Voor het programma De Columbus liet hij zich leiden door het toeval. Een ode aan het trage leven. Over onthaasten en genieten. Over de reisweg die belangrijker is dan het uiteindelijke doel. Zijn motto: “Je moet erop vertrouwen, dat als je je openstelt, er altijd wel iets leuk op je pad komt.” Het levert aanstekelijke en authentieke televisie op. Dat trage leven komt in al zijn programma’s naar voren. Of dat nu in het kleine geluk van de moestuin is of in een bezinnende voettocht naar Compostela. Als geen ander slaagt Wim erin om vaak onhippe dingen weer ‘cool’ te maken. De kleine West-Vlaamse stopwoordjes, sluipen regelmatig in zijn televisiebijdragen. “Ik spreek geen perfect Nederlands. Dat hoeft ook niet. Als ik mij te veel op mijn taal focus, gaat de spontaniteit verloren. Mijn West-Vlaams zijn, kan ik niet wegsteken, en hier in West-Vlaanderen hoef ik dat gelukkig ook niet.”

“West-Vlamingen zijn dikwijls te bescheiden, nochtans zijn ze zo goed in wat ze doen”
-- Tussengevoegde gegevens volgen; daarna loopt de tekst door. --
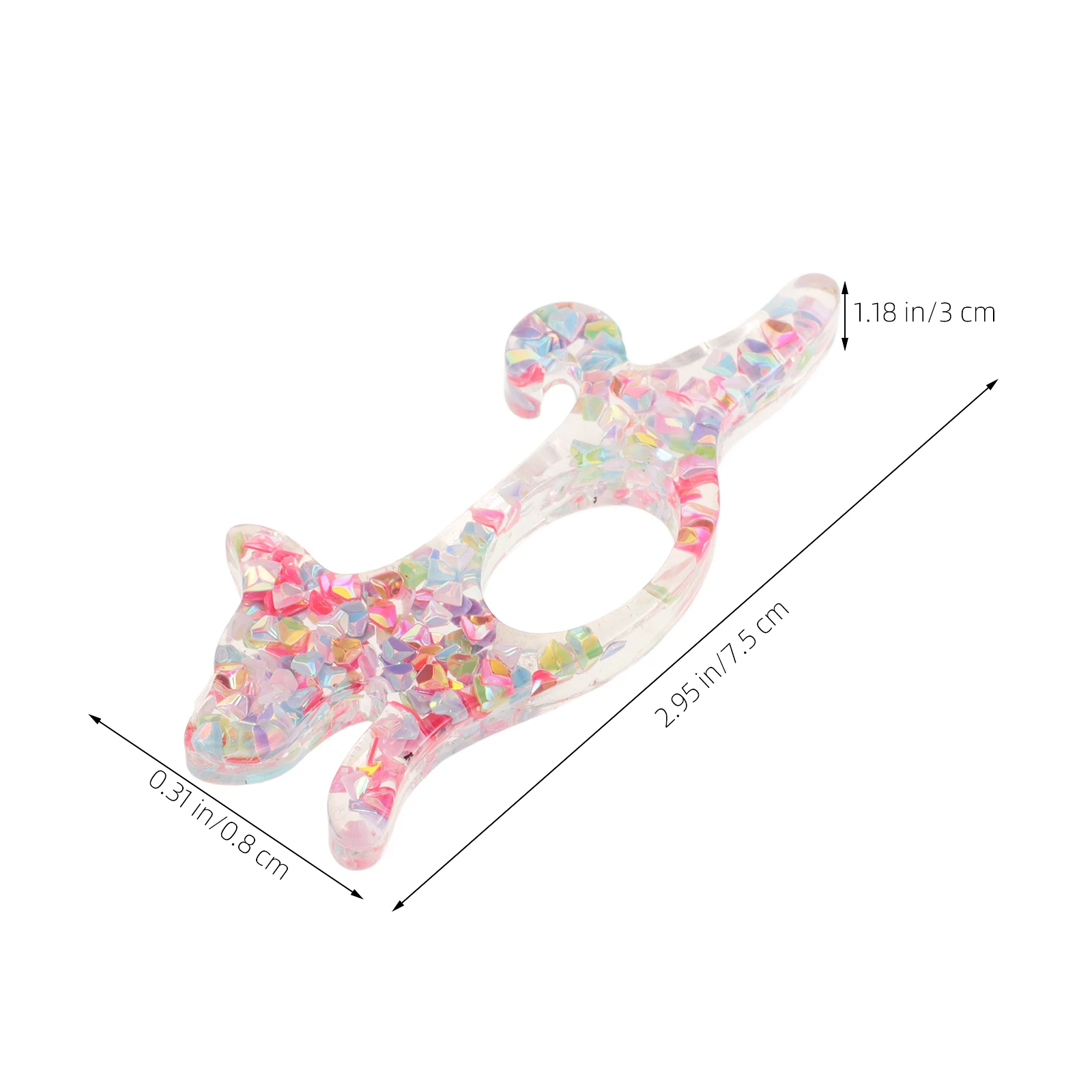 

Reusable Bookmark Dog Shaped Reading Ring Strong Weight Page For Book Lovers Gifts Small Thumb Holder Household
“Doordat ik al 23 jaar buiten de provincie werk, bestaat mijn vriendenkring uit mensen uit Brugge en West-Vlaanderen, maar ook van ver daar buiten. En daar heb ik het West-Vlaams zijn nog meer leren waarderen. Pas als je uitzwermt, weet je hoe goed het hier is. Van daaruit besef ik ook de nood aan een ambassadeur. West-Vlamingen zijn dikwijls te bescheiden. Ze werken keihard en zijn goed in wat ze doen, maar durven niet op tafel te springen. Ik ben zo niet. Niet meer. Ik ben echt preus op wie ik ben en wat ik doe. Ik hoop dat ook aan alle West-Vlamingen te kunnen overbrengen.”

De grens voorbij

Wat er van hem verwacht wordt als ambassadeur, weet hij nog niet zo goed. “Maar ik ga dat met hart en ziel doen. Leuk dat ik de allereerste ambassadeur ben. Ik ga mijn pioniersrol zo goed mogelijk proberen invullen en reclame maken voor onze provincie. ‘t Is hier heerlijk vertoeven. Vooral aan zee dan. Je hebt bij ons zo veel adembenemende plekjes.”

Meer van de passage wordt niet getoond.